“The Bravest Knight” Continues Season 2 With New Nonbinary Character
Published: 07/07/2025

Hulu’s animated series The Bravest Knight, starring a two-dad family, has just dropped the rest of its second season, which includes a new nonbinary character played by Asia Kate Dillon. Watch a clip here in which they share their pronouns, and read what the creator says about the season!

Admiral Akers, from Hulu's The Bravest Knight (Big Bad Boo Studios)
Admiral Akers, from Hulu’s The Bravest Knight (Big Bad Boo Studios).

The Show and the Season

The animated series—the first children’s television series on a mainstream network to star a family with same-sex parents—is based on Daniel Errico’s picture book, The Bravest Knight Who Ever Lived. In the book, a young pumpkin farmer named Cedric becomes a knight and marries the prince of his dreams. The television series shows Sir Cedric and Prince Andrew now with a daughter, Nia, who is training to be a knight herself. In each episode, Cedric shares stories with her about how he transformed from a “not-yet knight” to a full-fledged one, conveying gentle life lessons, all wrapped in a layer of smart humor and fun.

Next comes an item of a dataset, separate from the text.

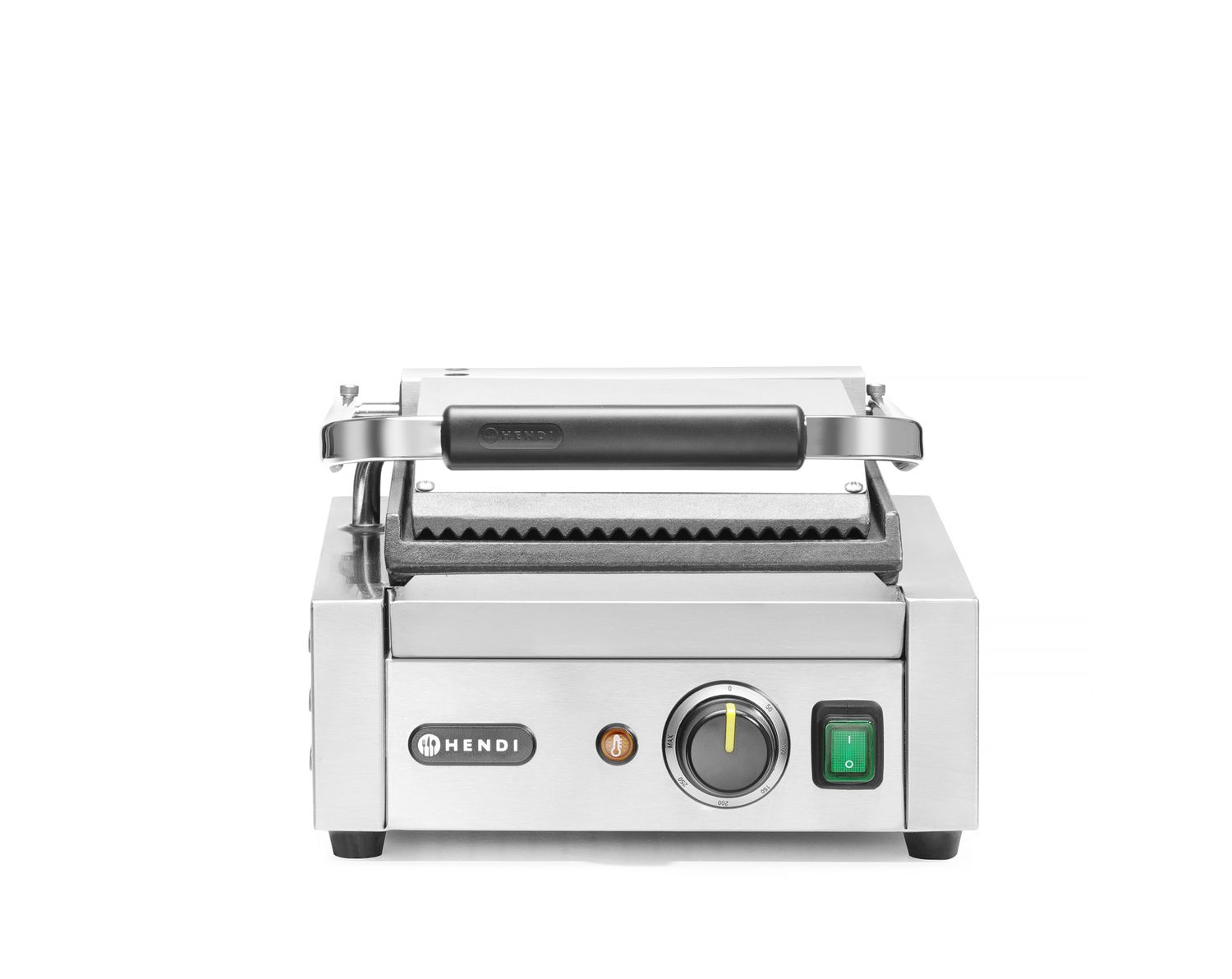 Jednoduchý kontaktný gril, HENDI, drážkovaný vrch a hladké dno, 230V/1800W, 310x375x(H)216mm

The second season has overarching plotlines about Nia preparing for a big tournament and Young Cedric searching for a dragon, while individual episodes include themes about working together, dealing with failure, caring for the environment, not treating all formerly incarcerated people as villains, what makes a good leader, and even what happens when one loses to people in power who don’t deserve to be.

Errico, now the show’s head writer and executive producer, told me:

I’m excited for viewers to see some fun fairytale adventures and new representation in the final episodes of Season Two. And I’m also excited for them to see Nia and Cedric learn hard lessons that they hadn’t faced before. We end Season Two in a much different place than Season One, and I hope it helps remind people that a knight’s path can’t be stopped by ogres, or golems, or even dragons, as long as they stay true to themselves and their journey.

A New Nonbinary Character

One new episode, “Cedric & Pirate Cove,” also introduces guest star Asia Kate Dillon (Orange Is the New BlackBillions) as the seafaring Admiral Akers. Akers at one point gently corrects another character who had assumed the wrong pronouns for them. “I don’t go by ‘he;’ I go by they,” Akers says. “Some are ‘he’ and some are ‘she,’ but neither one will do for me,” they quip.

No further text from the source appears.